Les présidents Duterte et Xi Jinping se serrent la main.
Duterte parviendra-t-il à assurer la stabilité intérieure pour attirer les investisseurs chinois ?

Le plébiscite du référendum à 87% des voix est une victoire, tant pour le gouvernement que pour les mouvements autonomistes. En effet, la satisfaction des demandes des musulmans indépendantistes permet à Manille d’assurer le calme et l’ordre dans une région qui connaît des troubles depuis plusieurs décennies. Le conflit débute au milieu des années 1960 et alterne entre périodes de négociations et de violences. Les attaques terroristes d’un côté, et la répression gouvernementale de l’autre, font de nombreuses victimes dans les deux camps.

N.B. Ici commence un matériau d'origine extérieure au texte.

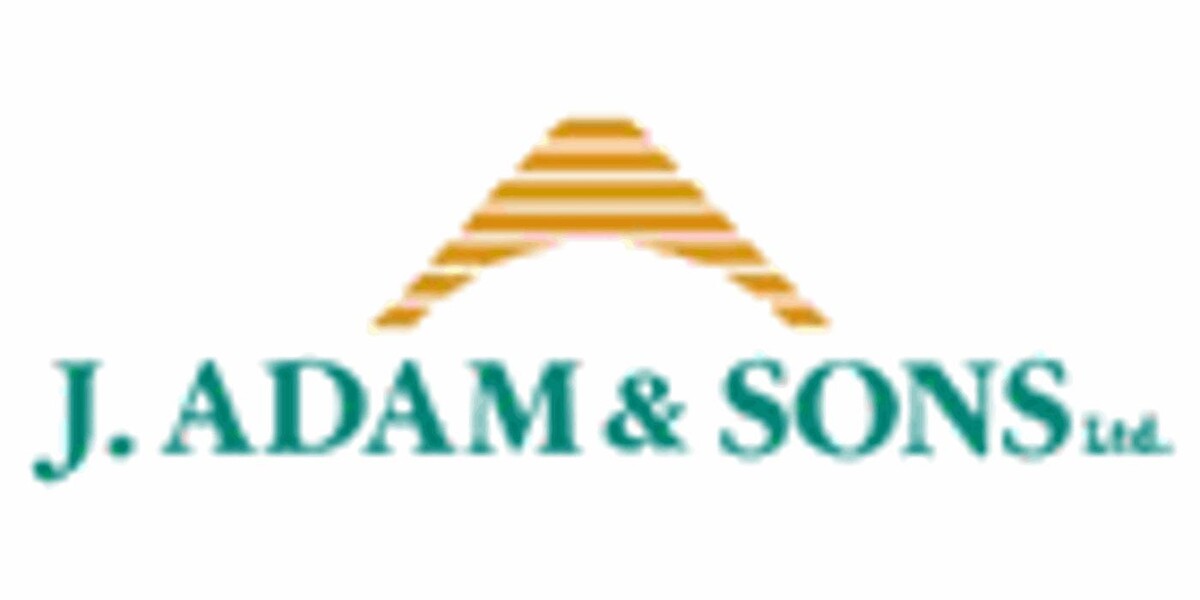 J. Adam and Sons Ltd. Spas & Plumbing Logo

De plus, la lutte contre le mouvement indépendantiste musulman est entremêlée avec l’insurrection communiste de la Nouvelle Armée populaire, la branche armée du Parti communiste des Philippines-marxiste-léniniste. De fait, la région de Mindanao est un bastion prisé des combattants communistes et fait l’objet d’une forte militarisation. Quarante-quatre des quatre-vingt-dix-huit bataillons de l’armée philippine sont basés sur cette île afin de neutraliser les insurgés.

De plus, plusieurs fois par le passé, les indépendantistes musulmans se sont alliés aux guérillas communistes dans le but d’augmenter leurs forces respectives. Ainsi, en éliminant la menace d’un conflit avec les premiers, le gouvernement de Manille affaiblit les seconds. Toutefois, Mindanao demeure un terrain d’affrontements. La région est sous le coup de la loi martiale depuis 2017.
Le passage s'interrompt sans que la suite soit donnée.